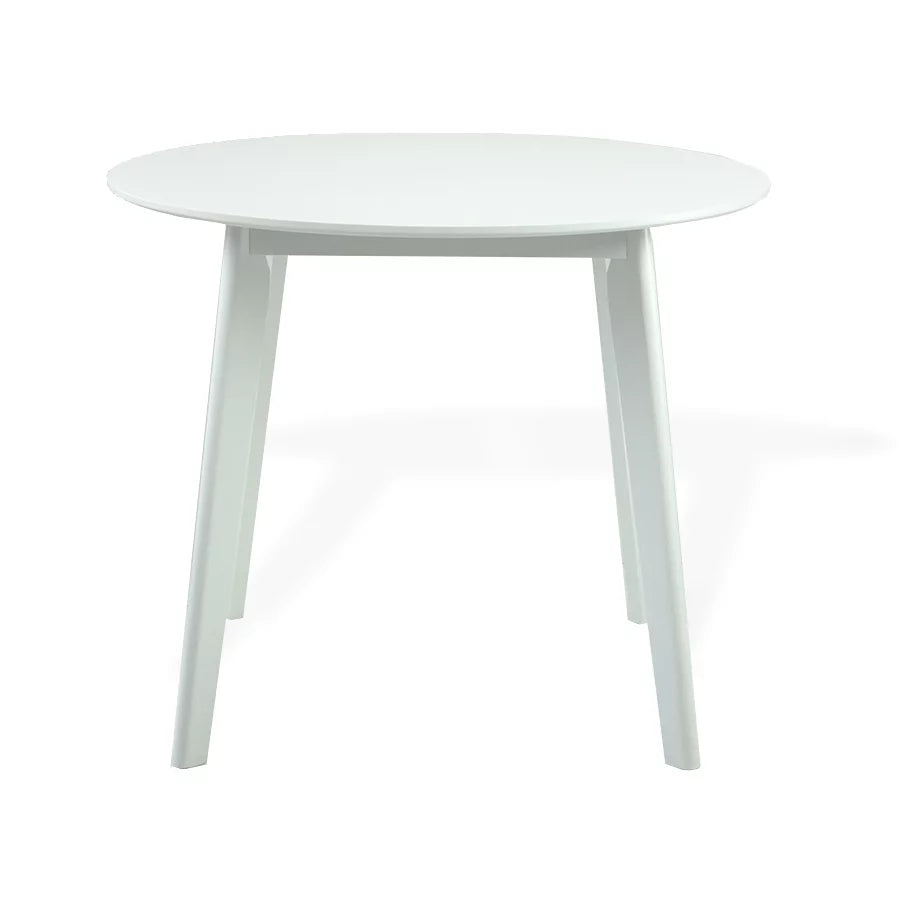 Set of 2 Chairs and Round Dining Table Solid Wood Padded Seat White L4921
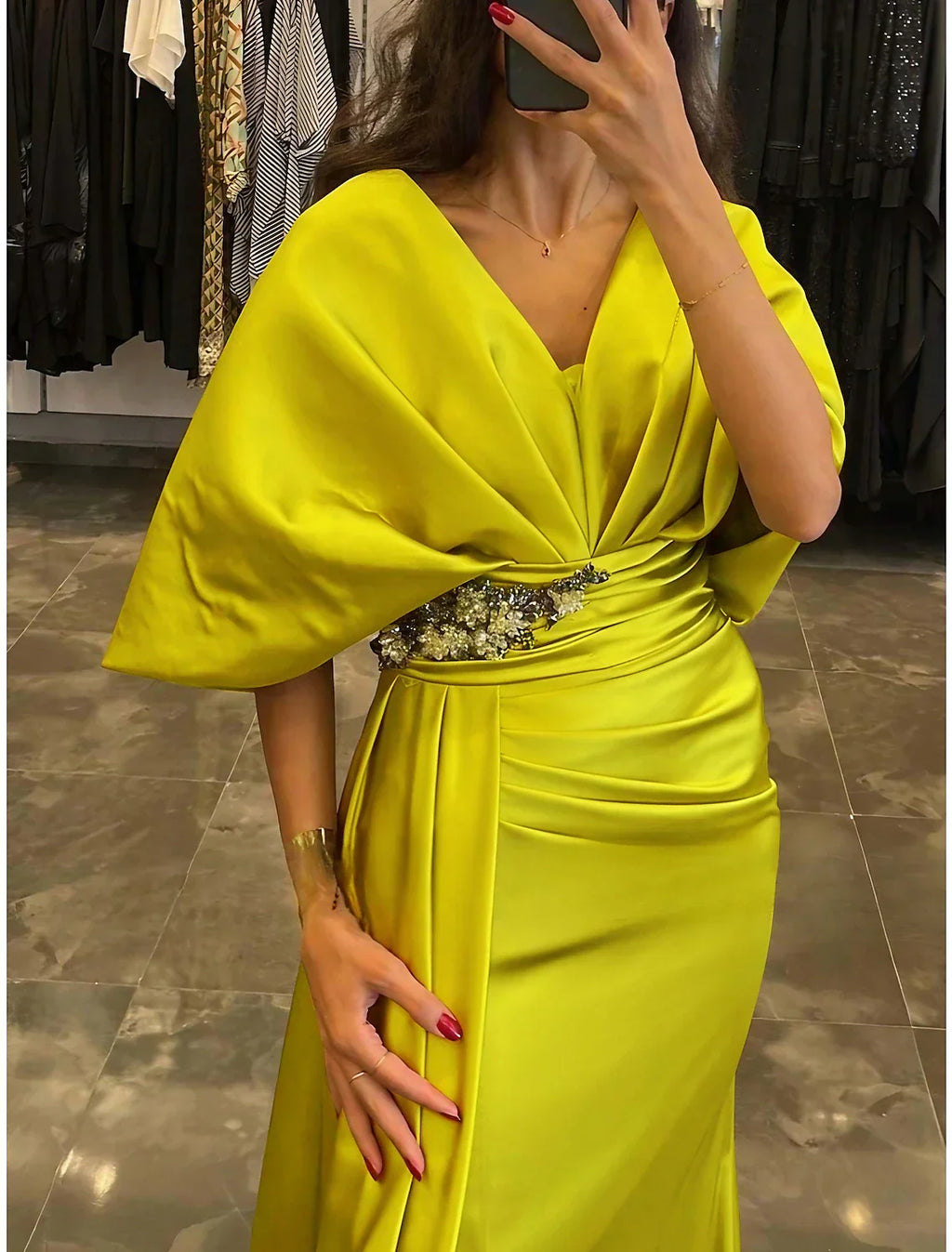 Sheath / Column Evening Gown Elegant Dress Formal Christmas Sweep / Brush Train Half Sleeve V Neck with Pleats Ruched Crystals
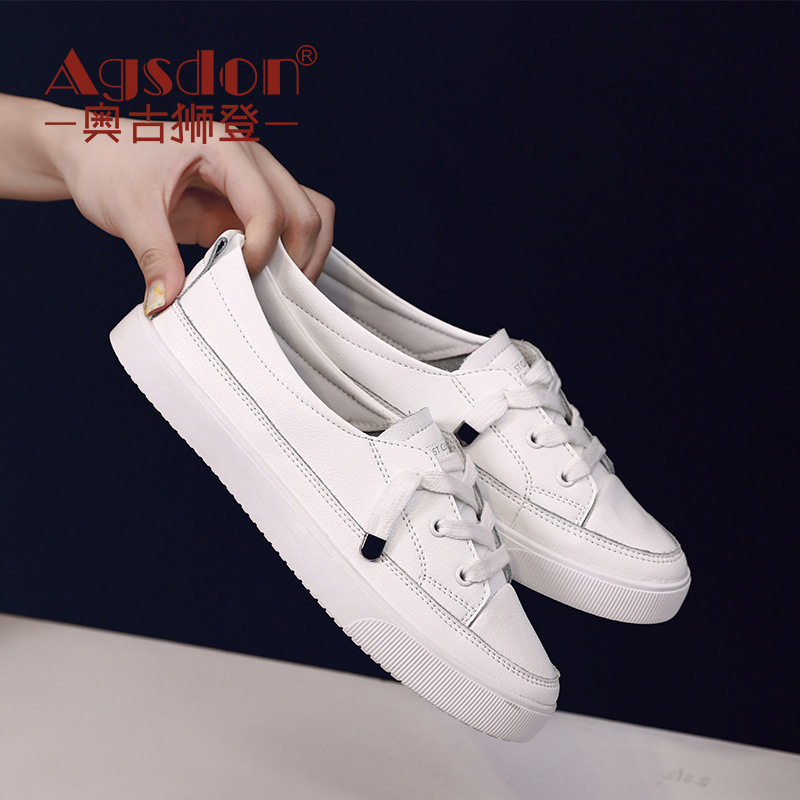 Zapatos Blancos Augu Shiden para Mujer, Zapatillas Transpirables de Boca Poco Profunda para Primavera y Otoño, Modelo 2025, Zapatos Cómodos Sin Cordones para Estudiantes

-------

Could you repeat each line above exactly as written? Omit the pictures.

 Set of 2 Chairs and Round Dining Table Solid Wood Padded Seat White L4921
 Sheath / Column Evening Gown Elegant Dress Formal Christmas Sweep / Brush Train Half Sleeve V Neck with Pleats Ruched Crystals
 Zapatos Blancos Augu Shiden para Mujer, Zapatillas Transpirables de Boca Poco Profunda para Primavera y Otoño, Modelo 2025, Zapatos Cómodos Sin Cordones para Estudiantes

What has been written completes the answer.